If $(X; d)$ is a metric space, then the metric $d$ on $X$ induces a product metric $p$ on $X\times X$ by $p((x_1; y_1); (x_2; y_2)) := d(x_1; x_2) + d(y_1; y_2)$ Show that $d :(X \times X ) \rightarrow R$ is continuous. I know the definition of the epsilon delta definition but not sure how to show.
Let's assume $p$ is indeed a metric. Then we have a metric space $(X\times X,p)$ and a function $d:X\times X\to\mathbb R$, which we want to show is continuous with respect to $p$.

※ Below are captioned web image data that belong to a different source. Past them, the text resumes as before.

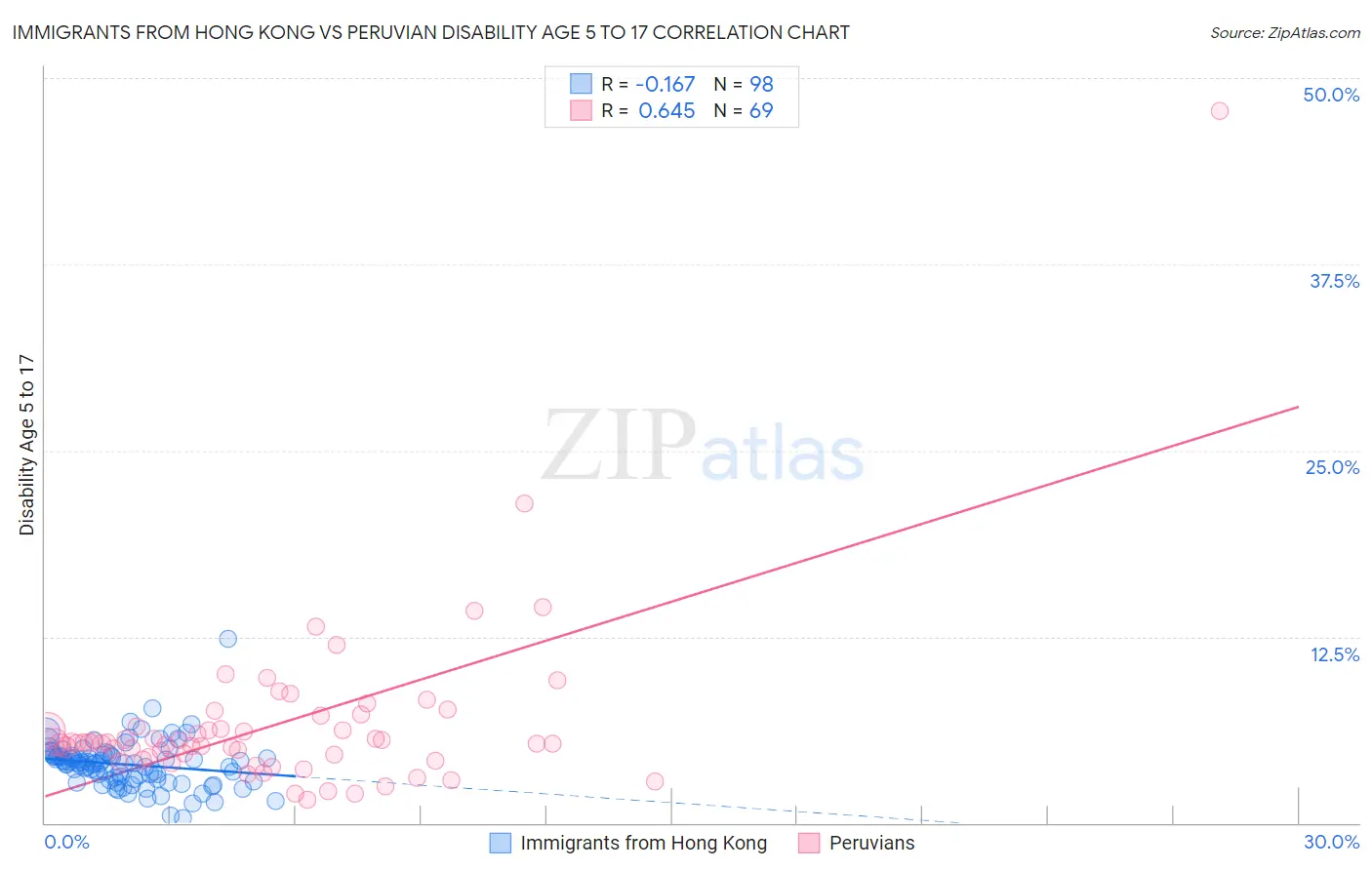 Immigrants from Hong Kong vs Peruvian Disability Age 5 to 17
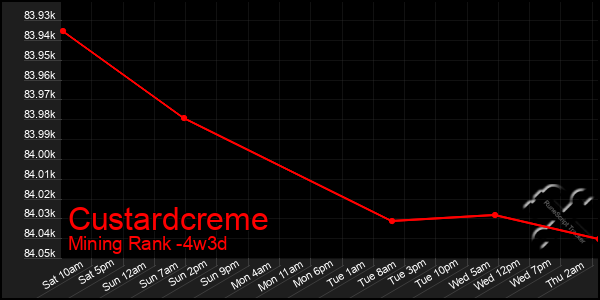 Last 31 Days Graph of Custardcreme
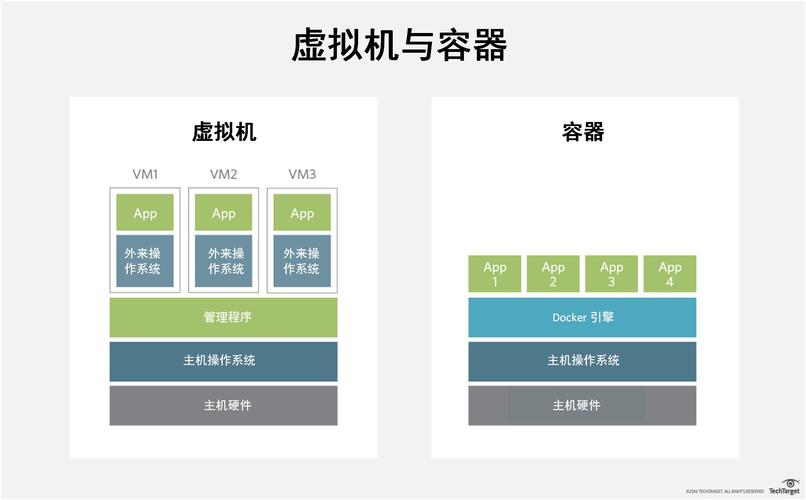 容器镜像，现代应用部署的核心技术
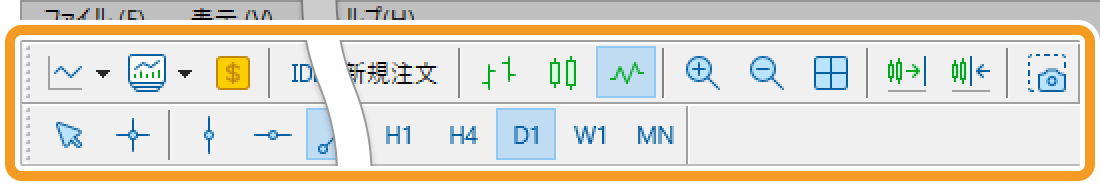「標準」「ライン等」「時間足設定」の3種類のツールバー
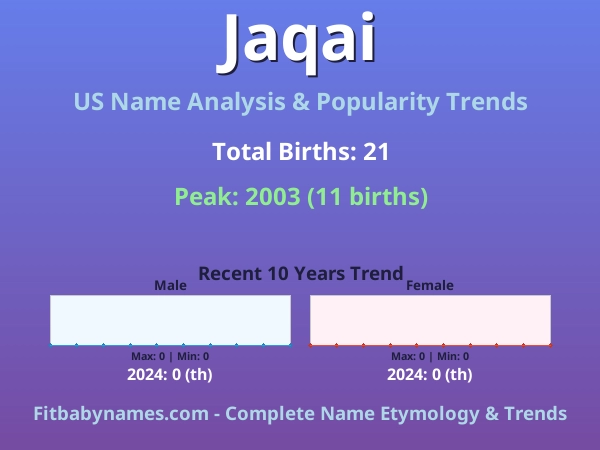 Infographic: Jaqai name meaning, origin, and popularity trends in the United States (US baby name analysis chart)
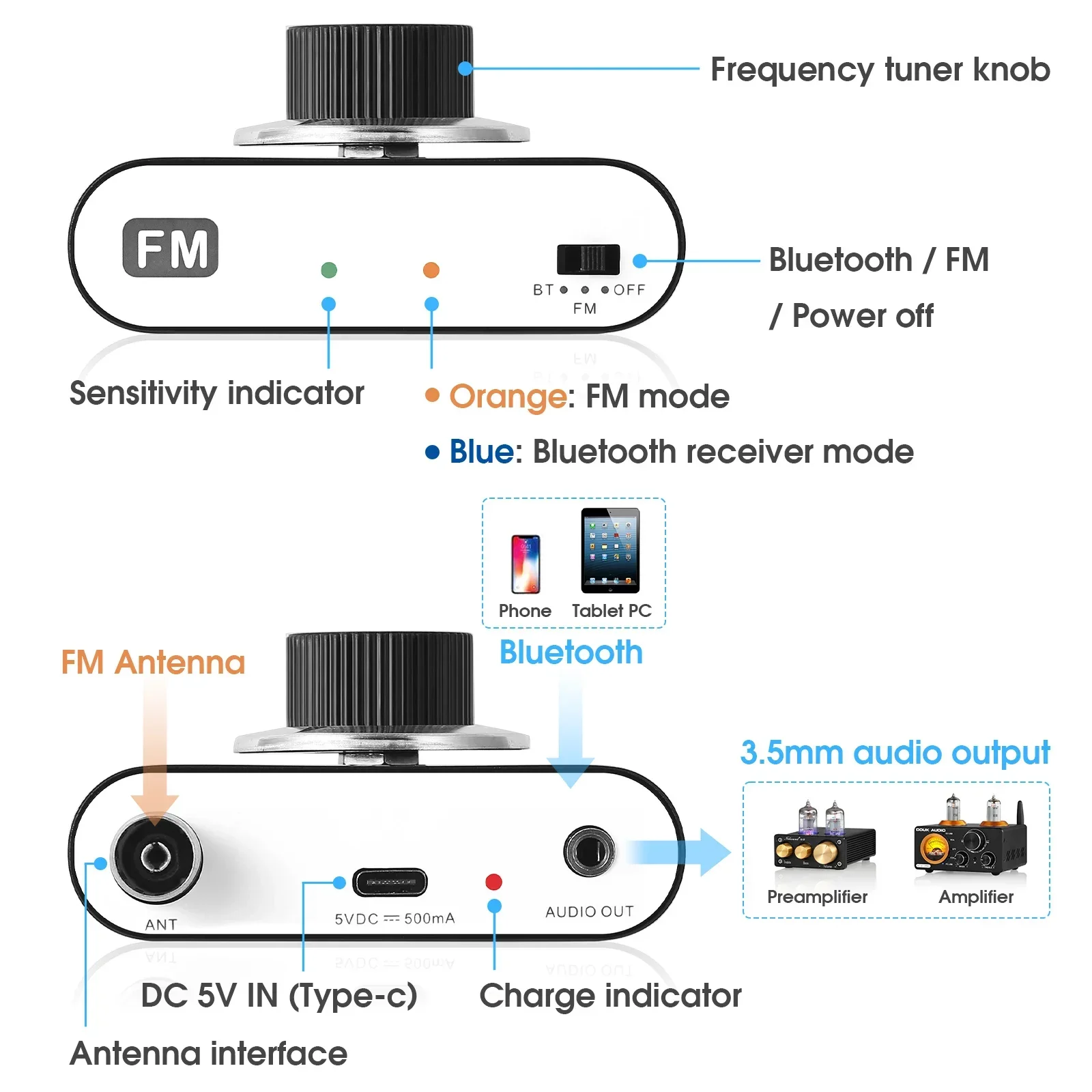 Douk Audio Portátil 87-108Mhz Sintonizador de Radio FM Estéreo Bluetooth 5.0 Receptor Recargable con Salida de 3,5 mm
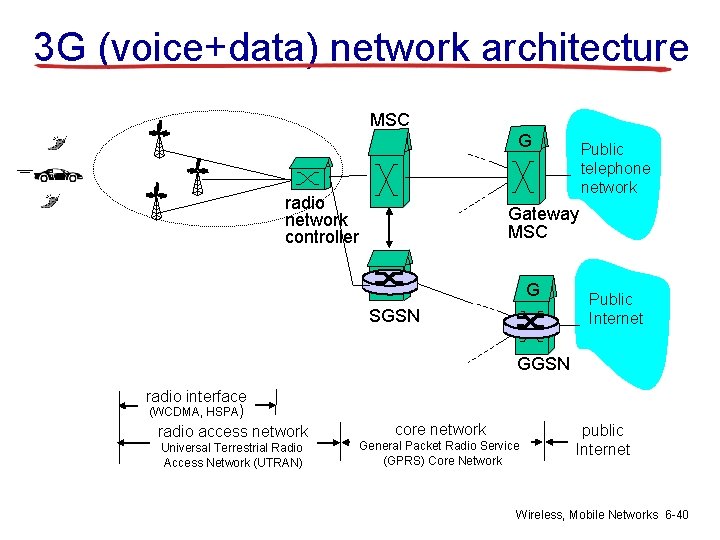 3 G (voice+data) network architecture MSC G radio network controller Public telephone network Gateway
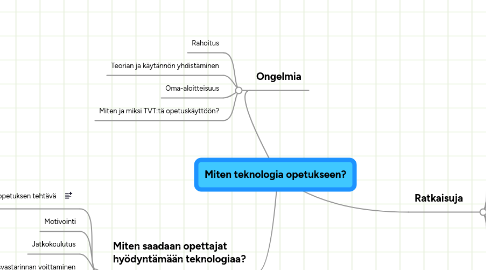 Mind Map: Miten teknologia opetukseen?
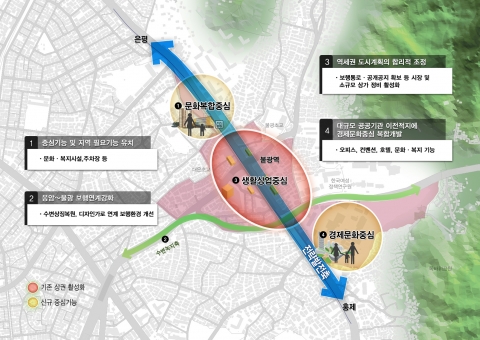 국립보건원 부지 개발, 불광역세권 활성화된다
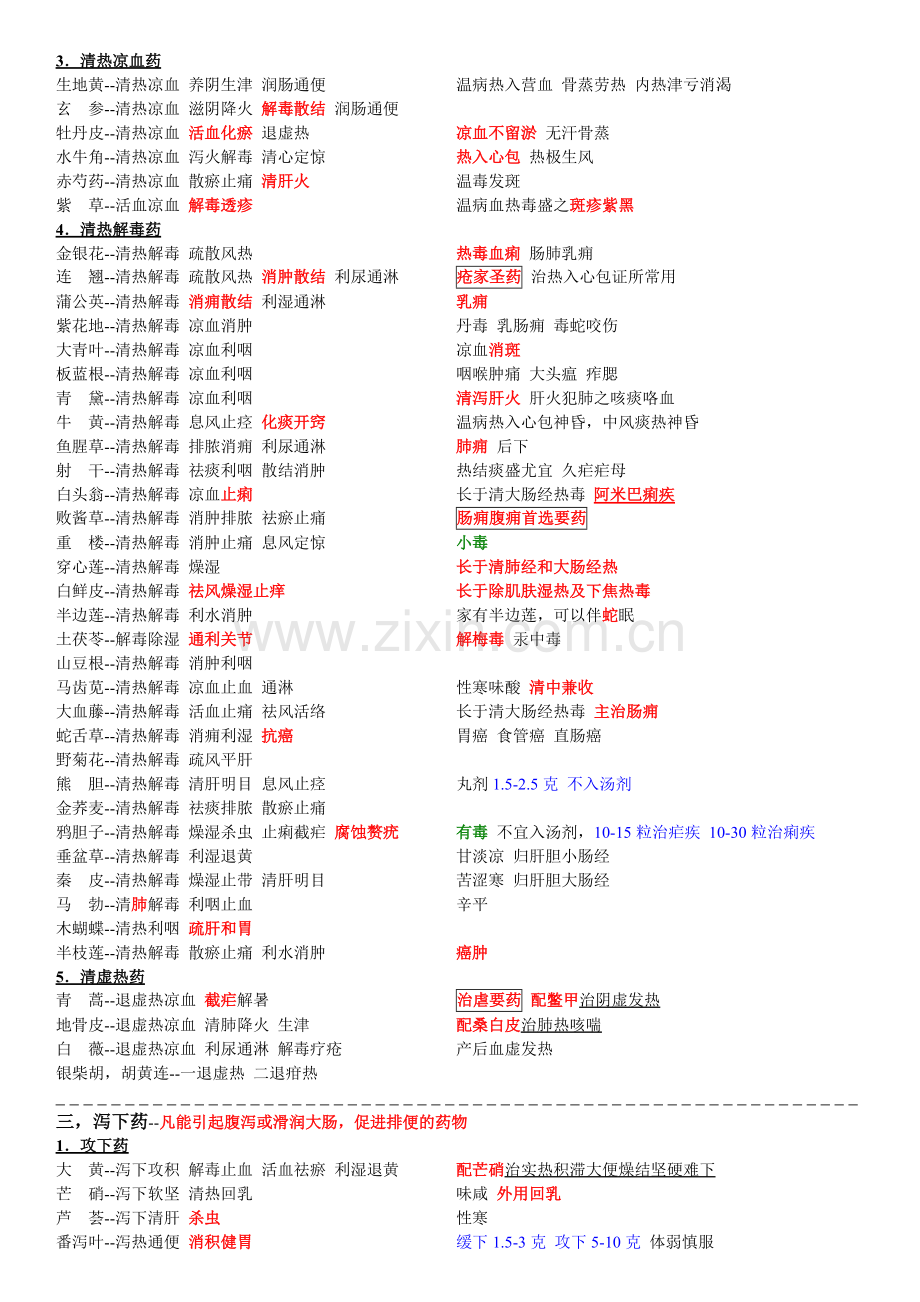 中药学笔记完整.pdf_第2页
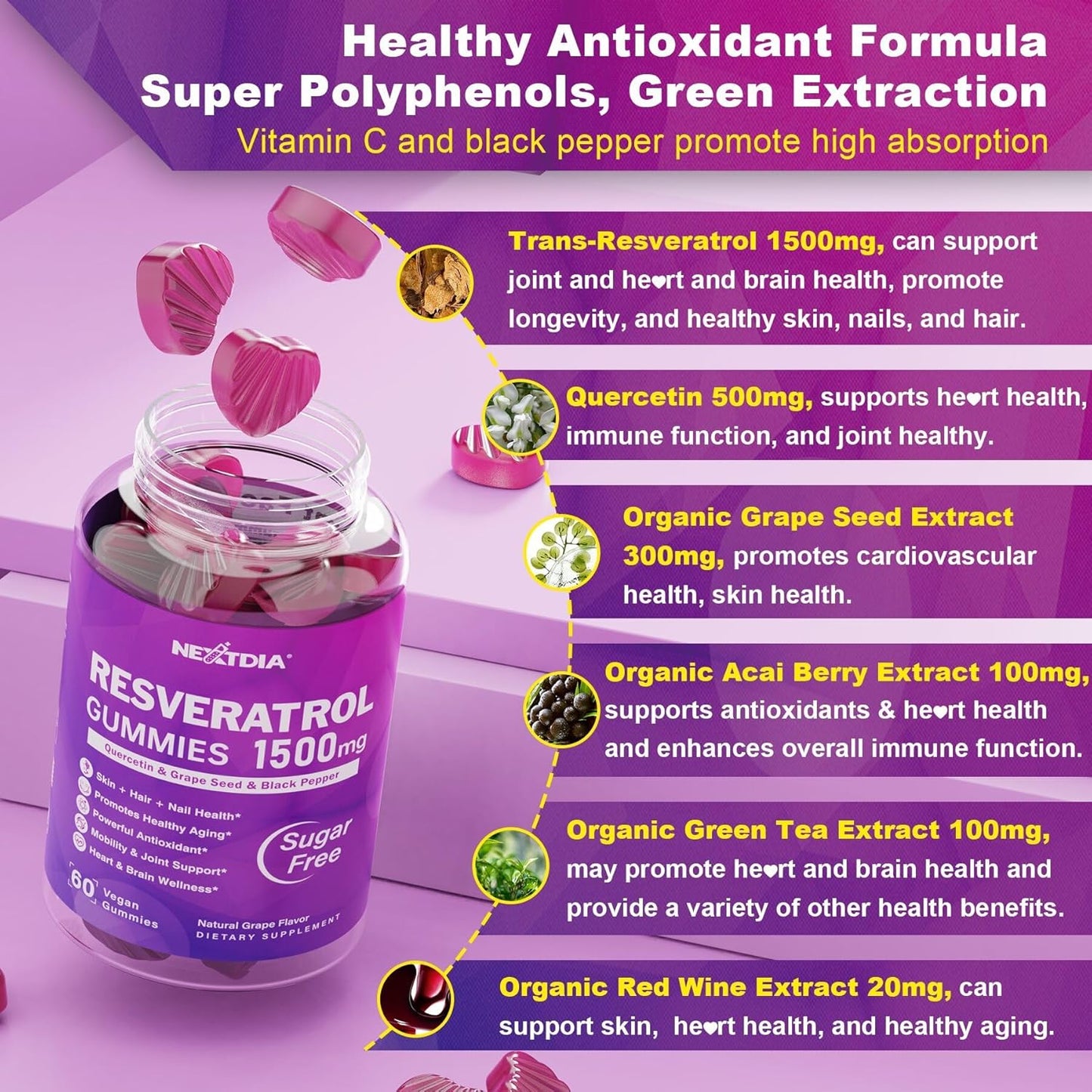 1500mg Resveratrol Gummies with 26mg Iron - Nextdia Iron-Infused Gummies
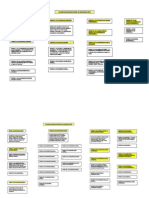 Mapas de Leyes Educativas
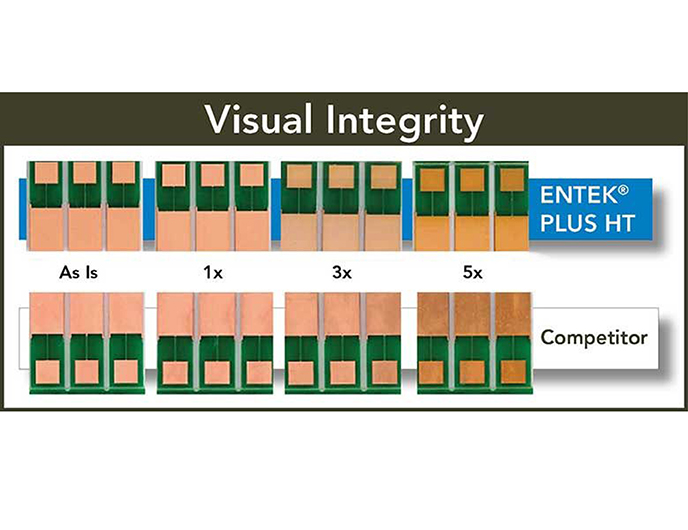 OSP Visual Integrity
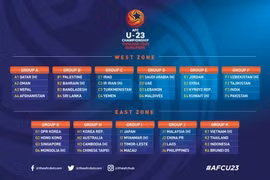Football : le Vietnam dans le groupe K des éliminatoires de l’AFC U-23 Championship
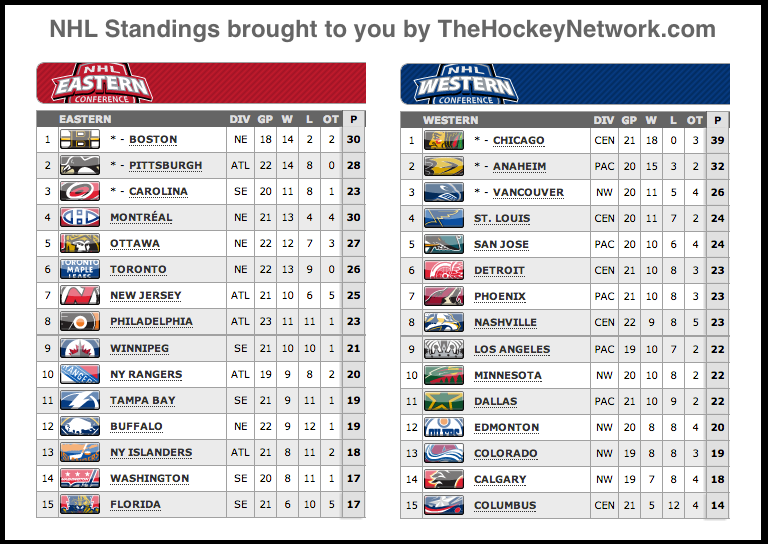 Putting on the Foil NHL Standings (Current March 2nd 2013)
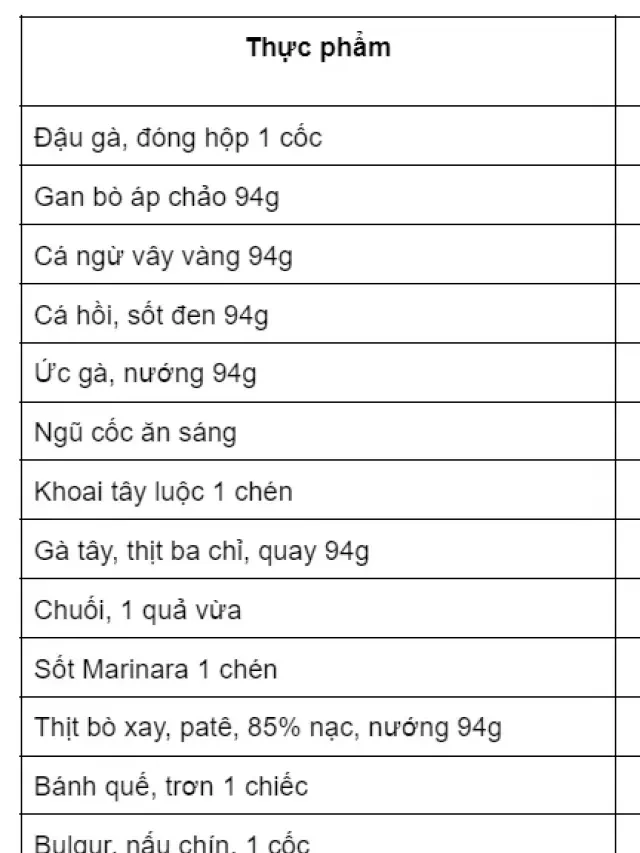   Vitamin B6: Tìm Hiểu Về Các Thực Phẩm Chứa Vitamin B6 và Cách Sử Dụng Đúng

Let $(x,y)\in X\times X$ and $\varepsilon>0$. If $(x',y')\in X\times X$ then by definition, $$p((x,y),(x',y'))=d(x,x')+d(y,y').$$ We want to make $|d(x,y)-d(x',y')|<\varepsilon$ by forcing the above to be small enough. If $p((x,y),(x',y'))<\delta$ then we know that both $d(x,x')<\delta$ and $d(y,y')<\delta$. This means that $$d(x,y)\le d(x,x')+d(x',y)<\delta+d(x',y)$$ and $$d(x',y)\le d(x',x)+d(x,y)<\delta+d(x,y)$$ and so $$|d(x,y)-d(x',y)|<\delta.$$ Similarly $|d(x',y')-d(x',y)|<\delta$. Thus, $$|d(x,y)-d(x',y')|\le|d(x,y)-d(x',y)|+|d(x',y)-d(x',y')|<2\delta$$ and we can choose $\delta=\varepsilon/2$.